**Problem statement:** Make an exact copy, without pictures, of the lines below from the one containing "3.3 HDD Setup" to the last line, both ends included.
(Study material)
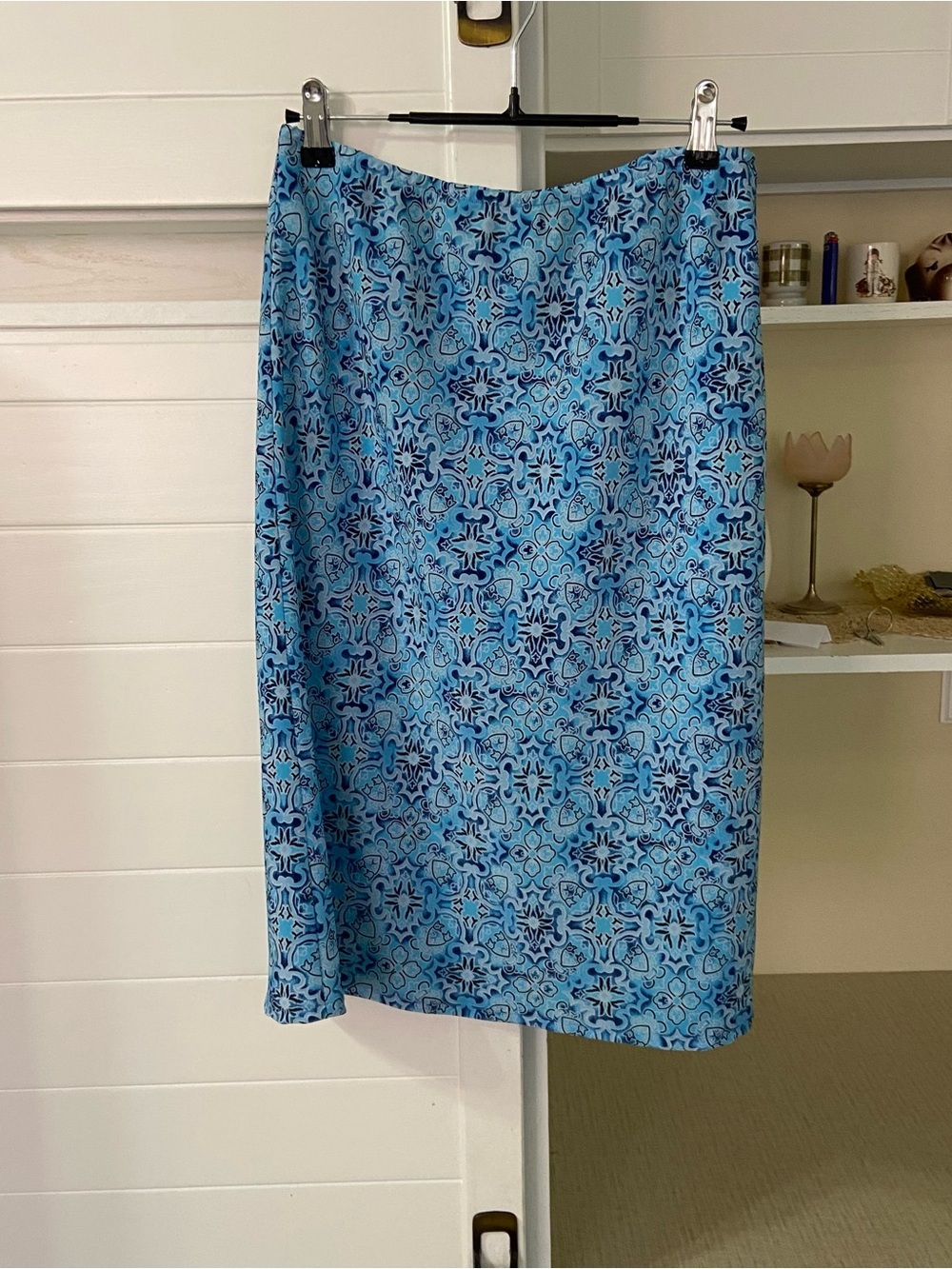 Y2K Aqua Blue floral-geometric print Skirt
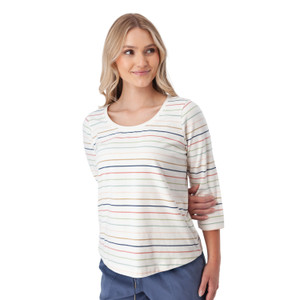 Magnolia 3/4 Sleeve Patterned Top Multi Color Stripe alt 1
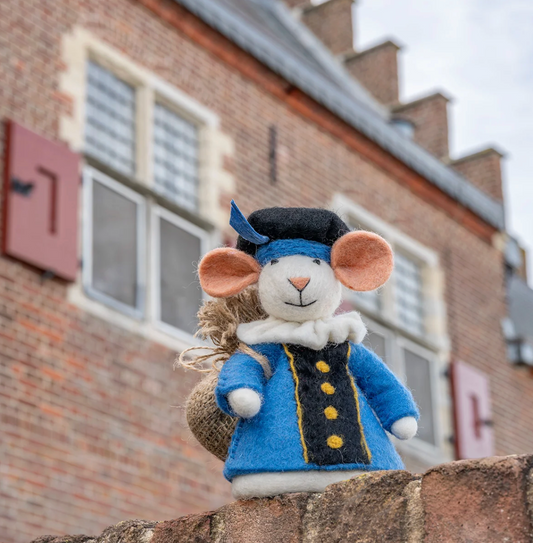 Vilten Blauwe Piet muis | Sjaal met Verhaal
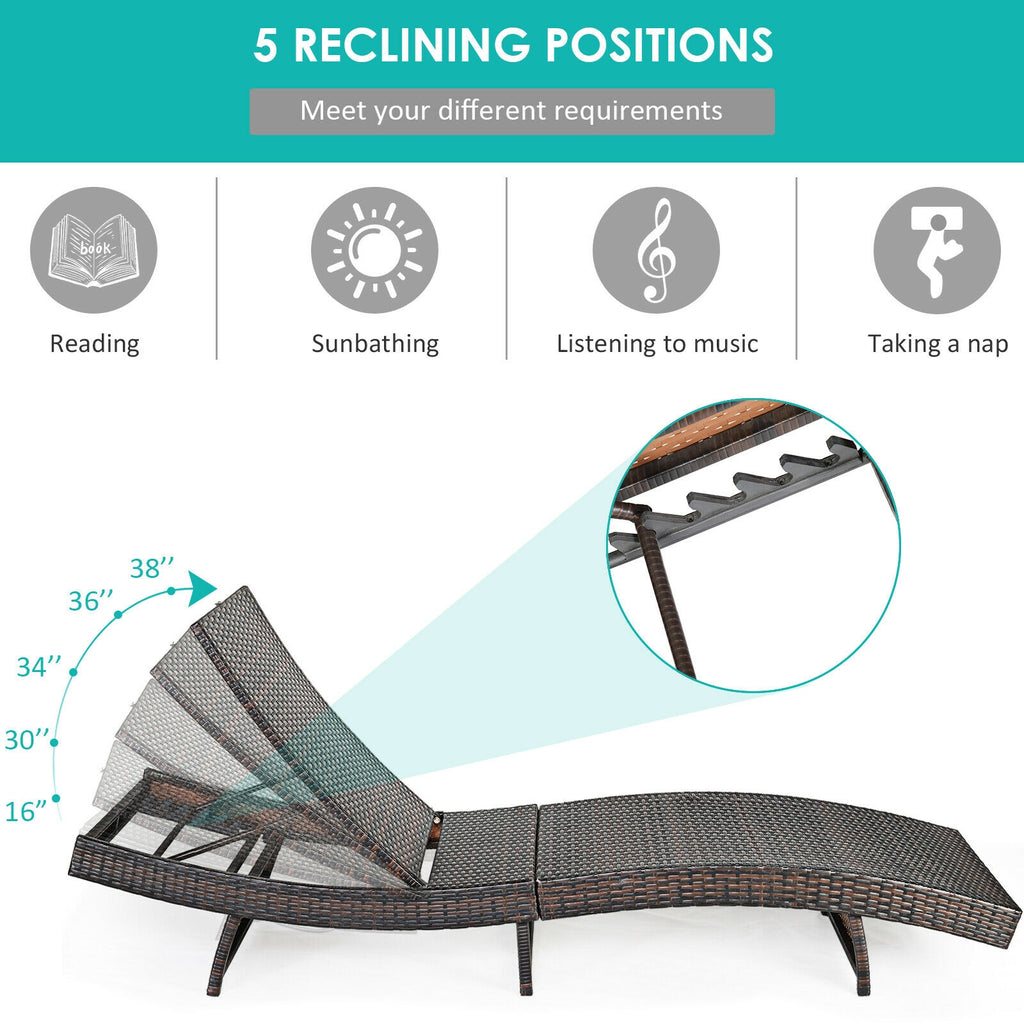 Patio Folding Chaise Lounge with 5 Adjustable Levels and Cushion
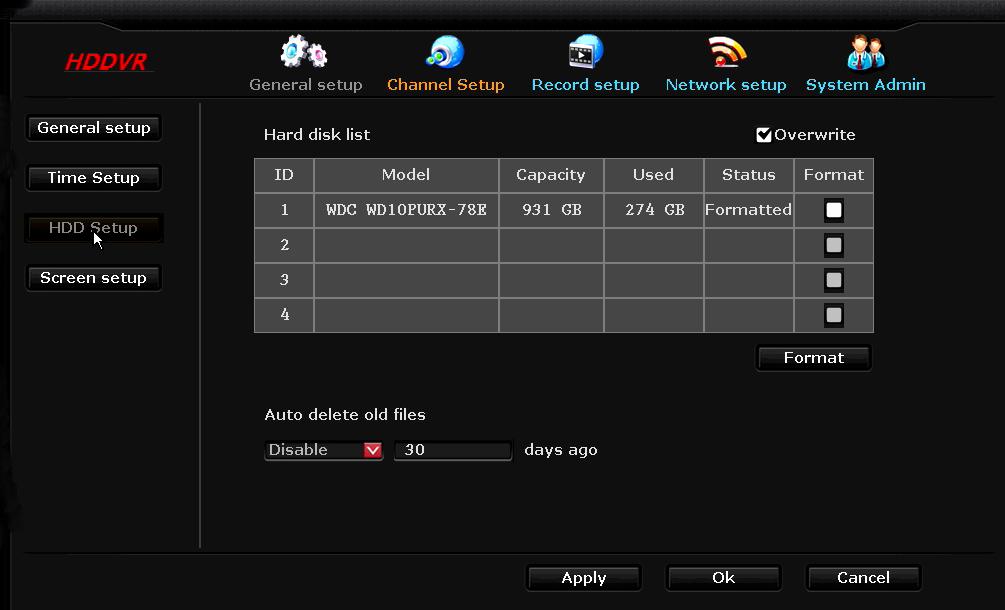 3.3 HDD Setup (Format the Hard Drive) DVR comes formatted To delete the hard drive data, right click with your mouse and select Setup then left click to select System Tools then select HDD management.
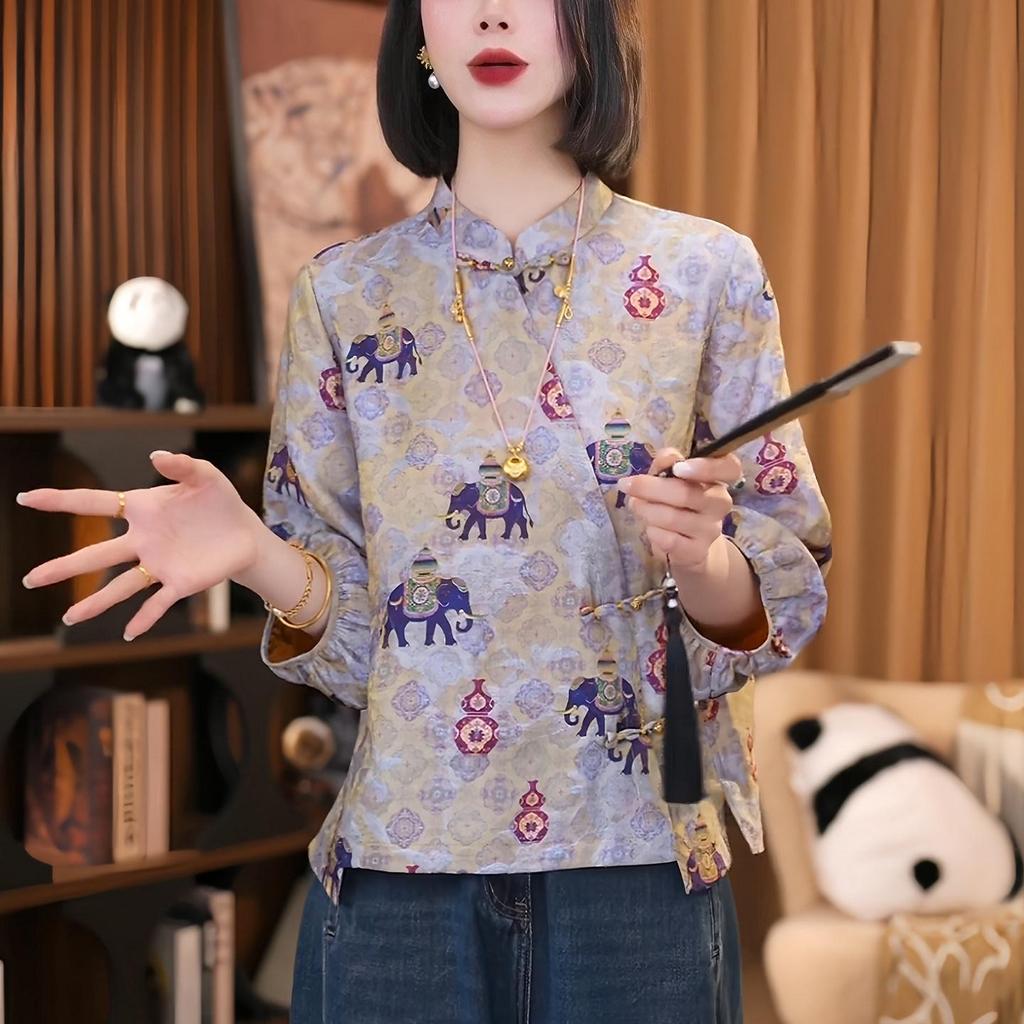 Mother's Day New Chinese Style Women's Seven-Sleeve Frog Button Print Top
(End Study material)
**The answer:**
 3.3 HDD Setup (Format the Hard Drive) DVR comes formatted To delete the hard drive data, right click with your mouse and select Setup then left click to select System Tools then select HDD management.
 Mother's Day New Chinese Style Women's Seven-Sleeve Frog Button Print Top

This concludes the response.